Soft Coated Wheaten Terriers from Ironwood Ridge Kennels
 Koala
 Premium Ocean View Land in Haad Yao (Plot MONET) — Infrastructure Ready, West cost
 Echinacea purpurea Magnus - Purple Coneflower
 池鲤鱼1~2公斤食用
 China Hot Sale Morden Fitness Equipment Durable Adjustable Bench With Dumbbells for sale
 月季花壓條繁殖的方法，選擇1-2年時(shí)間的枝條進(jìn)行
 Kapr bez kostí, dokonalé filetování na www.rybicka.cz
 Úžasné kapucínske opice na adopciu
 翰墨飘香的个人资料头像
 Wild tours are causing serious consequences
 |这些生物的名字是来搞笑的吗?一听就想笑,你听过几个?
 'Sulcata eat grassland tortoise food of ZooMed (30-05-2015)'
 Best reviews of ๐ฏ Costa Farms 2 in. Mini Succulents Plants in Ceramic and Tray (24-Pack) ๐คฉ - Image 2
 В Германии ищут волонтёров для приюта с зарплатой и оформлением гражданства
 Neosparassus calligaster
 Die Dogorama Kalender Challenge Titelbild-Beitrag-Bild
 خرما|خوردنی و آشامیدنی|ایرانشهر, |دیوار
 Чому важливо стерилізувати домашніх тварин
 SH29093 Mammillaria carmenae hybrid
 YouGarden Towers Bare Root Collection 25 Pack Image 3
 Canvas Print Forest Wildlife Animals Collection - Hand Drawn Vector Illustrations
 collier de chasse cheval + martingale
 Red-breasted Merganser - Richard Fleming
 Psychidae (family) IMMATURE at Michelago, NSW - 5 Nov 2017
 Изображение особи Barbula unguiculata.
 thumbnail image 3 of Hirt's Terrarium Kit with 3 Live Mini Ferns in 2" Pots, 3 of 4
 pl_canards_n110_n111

* * *

• **Work task**
Give back each record exactly, from the first line through the last.

• **Response area**
Soft Coated Wheaten Terriers from Ironwood Ridge Kennels
 Koala
 Premium Ocean View Land in Haad Yao (Plot MONET) — Infrastructure Ready, West cost
 Echinacea purpurea Magnus - Purple Coneflower
 池鲤鱼1~2公斤食用
 China Hot Sale Morden Fitness Equipment Durable Adjustable Bench With Dumbbells for sale
 月季花壓條繁殖的方法，選擇1-2年時(shí)間的枝條進(jìn)行
 Kapr bez kostí, dokonalé filetování na www.rybicka.cz
 Úžasné kapucínske opice na adopciu
 翰墨飘香的个人资料头像
 Wild tours are causing serious consequences
 |这些生物的名字是来搞笑的吗?一听就想笑,你听过几个?
 'Sulcata eat grassland tortoise food of ZooMed (30-05-2015)'
 Best reviews of ๐ฏ Costa Farms 2 in. Mini Succulents Plants in Ceramic and Tray (24-Pack) ๐คฉ - Image 2
 В Германии ищут волонтёров для приюта с зарплатой и оформлением гражданства
 Neosparassus calligaster
 Die Dogorama Kalender Challenge Titelbild-Beitrag-Bild
 خرما|خوردنی و آشامیدنی|ایرانشهر, |دیوار
 Чому важливо стерилізувати домашніх тварин
 SH29093 Mammillaria carmenae hybrid
 YouGarden Towers Bare Root Collection 25 Pack Image 3
 Canvas Print Forest Wildlife Animals Collection - Hand Drawn Vector Illustrations
 collier de chasse cheval + martingale
 Red-breasted Merganser - Richard Fleming
 Psychidae (family) IMMATURE at Michelago, NSW - 5 Nov 2017
 Изображение особи Barbula unguiculata.
 thumbnail image 3 of Hirt's Terrarium Kit with 3 Live Mini Ferns in 2" Pots, 3 of 4
 pl_canards_n110_n111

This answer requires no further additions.